Configure autoscaling using KEDA triggers
AI applications often experience unpredictable workloads—a surge in inference requests, batch jobs, or sudden spikes from an agent-based workflow. KEDA-based autoscaling in Azure Container Apps allows your workloads to scale to zero when idle (saving costs) and rapidly scale out when demand increases.
In this exercise, you deploy a simple mock agent API and configure autoscaling based on HTTP concurrent requests. You then generate concurrent load and observe how the app scales out and creates new revisions when configuration changes are applied.
Tasks performed in this exercise:
- Create Azure Container Registry and Container Apps resources
- Deploy a mock agent API container app
- Configure an HTTP concurrency scale rule using KEDA
- Generate concurrent requests to trigger scale-out and monitor replica count changes in real-time
- Configure scale rules using YAML
This exercise takes approximately 30 minutes to complete.
Important: Azure Container Registry task runs are temporarily paused from Azure free credits. This exercise requires a Pay-As-You-Go, or another paid plan.
Before you start
To complete the exercise, you need:
- An Azure subscription with the permissions to deploy the necessary Azure services. If you don't already have one, you can sign up for one.
- Visual Studio Code on one of the supported platforms.
- The latest version of the Azure CLI.
- Python 3.12 or greater.
Download project starter files and deploy Azure services
In this section you download the project starter files and use a script to deploy the necessary services to your Azure subscription. The Azure Container Registry and Container Apps environment deployment takes a few minutes to complete.
-
Open a browser and enter the following URL to download the starter file. The file will be saved in your default download location.
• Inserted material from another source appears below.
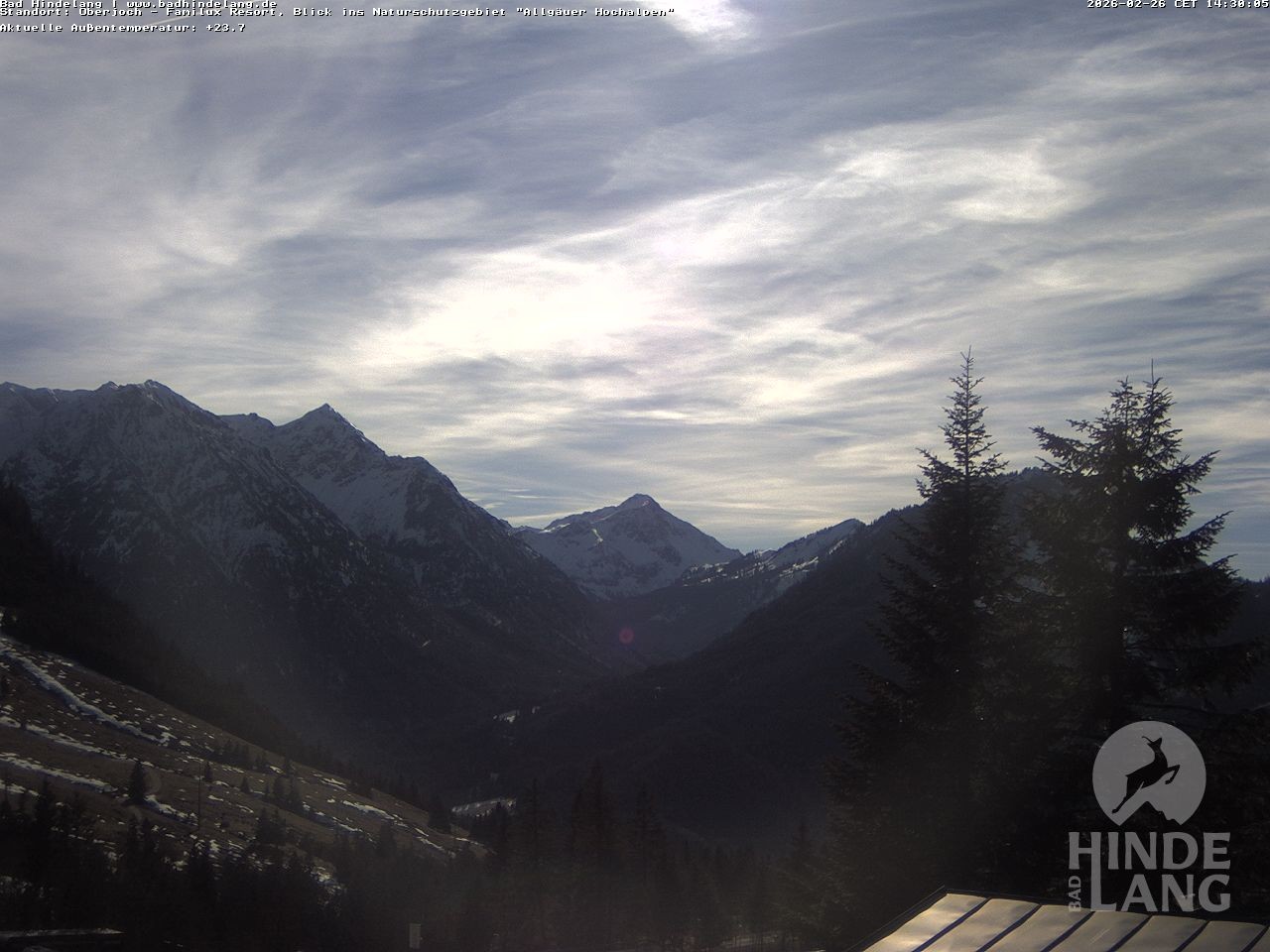 Archived image Webcam Kids hotel Oberjoch: view at the nature reseve "Allgäuer Hochalpen"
https://github.com/MicrosoftLearning/mslearn-azure-ai/raw/main/downloads/python/aca-scale-python.zip -
Copy, or move, the file to a location in your system where you want to work on the project. Then unzip the file into a folder.
-
Launch Visual Studio Code (VS Code) and select File > Open Folder... in the menu, then choose the folder containing the project files.
-
The project contains deployment scripts for both Bash (azdeploy.sh) and PowerShell (azdeploy.ps1). Open the appropriate file for your environment and change the two values at the top of the script to meet your needs, then save your changes. Note: Do not change anything else in the script.
"<your-resource-group-name>" # Resource Group name "<your-azure-region>" # Azure region for the resources -
In the menu bar select Terminal > New Terminal to open a terminal window in VS Code.
-
Run the following command to login to your Azure account. Answer the prompts to select your Azure account and subscription for the exercise.
az login -
Run the following command to ensure you have the containerapp extension for Azure CLI.
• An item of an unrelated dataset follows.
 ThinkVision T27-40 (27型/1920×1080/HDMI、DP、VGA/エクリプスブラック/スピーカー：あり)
az extension add --name containerapp -
Run the following commands to ensure your subscription has the necessary resource providers for the exercise.
az provider register --namespace Microsoft.App az provider register --namespace Microsoft.OperationalInsights
Create resources in Azure
In this section you run the deployment script to deploy the necessary services to your Azure subscription.
-
Make sure you are in the root directory of the project and run the appropriate command in the terminal to launch the deployment script. The script deploys ACR, a Container Apps environment, and a Container App with ingress enabled. It also creates a file with environment variables you use throughout the exercise.
Bash
bash azdeploy.shPowerShell
./azdeploy.ps1 -
When the script is running, enter 1 to launch Create Azure Container Registry and build container image.
-
When the previous operation is finished, enter 2 to launch Create Container Apps environment.
-
When the previous operation is finished, enter 3 to launch Create Container App.
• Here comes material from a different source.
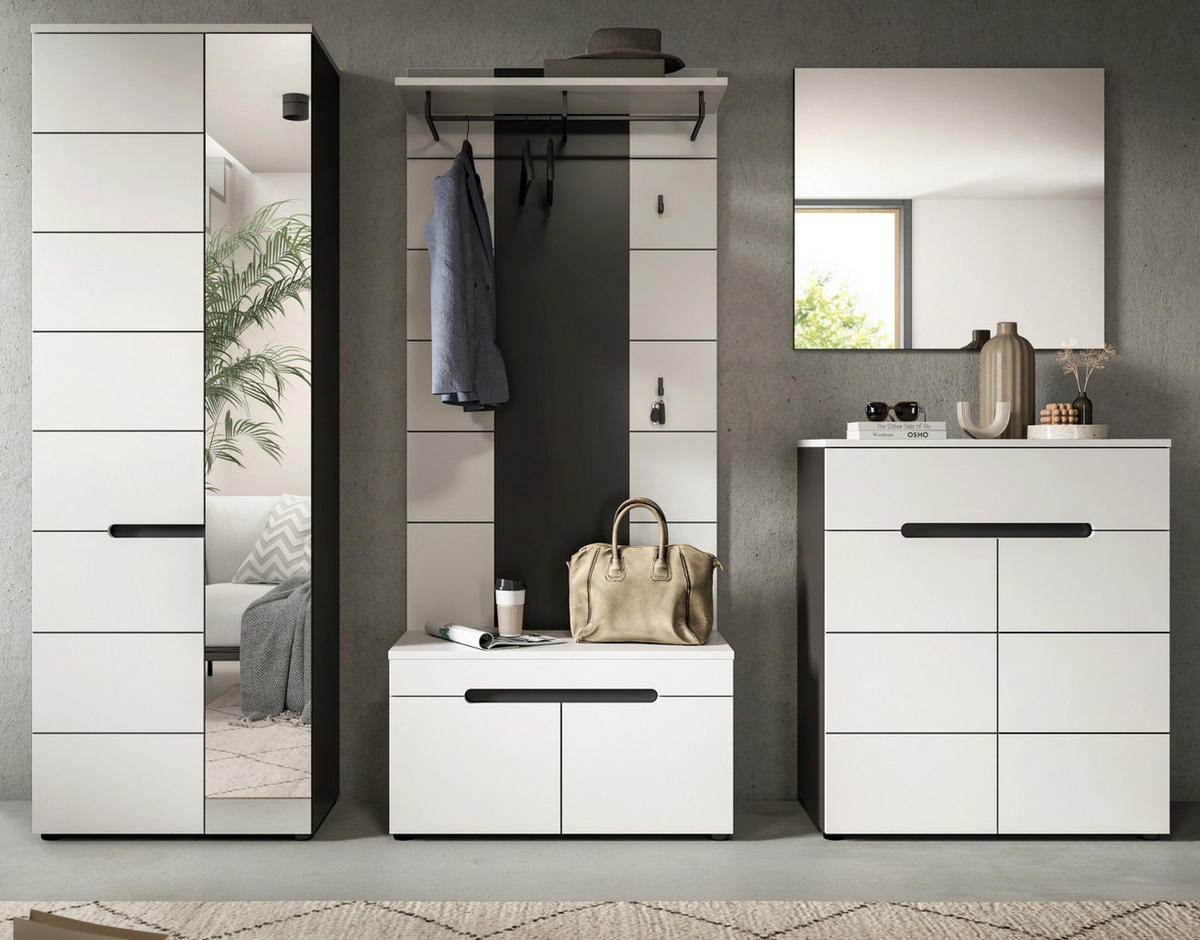 GARDEROBEN-SET 5-teilig in weiß, grau 255 cm, Komplettset mit Soft-Close, Cooper - Schwarz/Weiß, Glas/Holzwerkstoff (255/190/37cm) - Inn.Furn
Note: A file containing environment variables is created after the container app is created. You use these variables throughout the exercise.
-
When the deployment completes, enter 5 to exit the deployment script.
-
Run the appropriate command to load the environment variables into your terminal session from the file created in a previous step.
Bash
source .envPowerShell
. .\.env.ps1 -
Verify the app endpoint is available.
Bash
curl -sS "$CONTAINER_APP_URL/" | headPowerShell
Invoke-RestMethod "$env:CONTAINER_APP_URL/"Note: Keep the terminal open. If you close it and create a new terminal, you might need to run the command to create the environment variable again.
Configure autoscaling
In this section you configure an HTTP scale rule that triggers scaling based on concurrent requests. This is a useful proxy for "agent requests in progress" without adding any other Azure services.
Note: Applying configuration updates (including scaling changes) creates a new revision.
-
Run the following command to update the container app with an HTTP scale rule. This rule monitors concurrent in-flight requests and scales the app when demand increases.
Bash
az containerapp update \ --name $CONTAINER_APP_NAME \ --resource-group $RESOURCE_GROUP \ --min-replicas 0 \ --max-replicas 10 \ --scale-rule-name http-scaling \ --scale-rule-type http \ --scale-rule-http-concurrency 10PowerShell
az containerapp update ` --name $env:CONTAINER_APP_NAME ` --resource-group $env:RESOURCE_GROUP ` --min-replicas 0 ` --max-replicas 10 ` --scale-rule-name http-scaling ` --scale-rule-type http ` --scale-rule-http-concurrency 10 -
Run the following command to verify the scale rule is configured. Look for the http-scaling rule in the output with minReplicas set to 0 and maxReplicas set to 10.
Bash
az containerapp show \ --name $CONTAINER_APP_NAME \ --resource-group $RESOURCE_GROUP \ --query "properties.template.scale"PowerShell
az containerapp show ` --name $env:CONTAINER_APP_NAME ` --resource-group $env:RESOURCE_GROUP ` --query "properties.template.scale"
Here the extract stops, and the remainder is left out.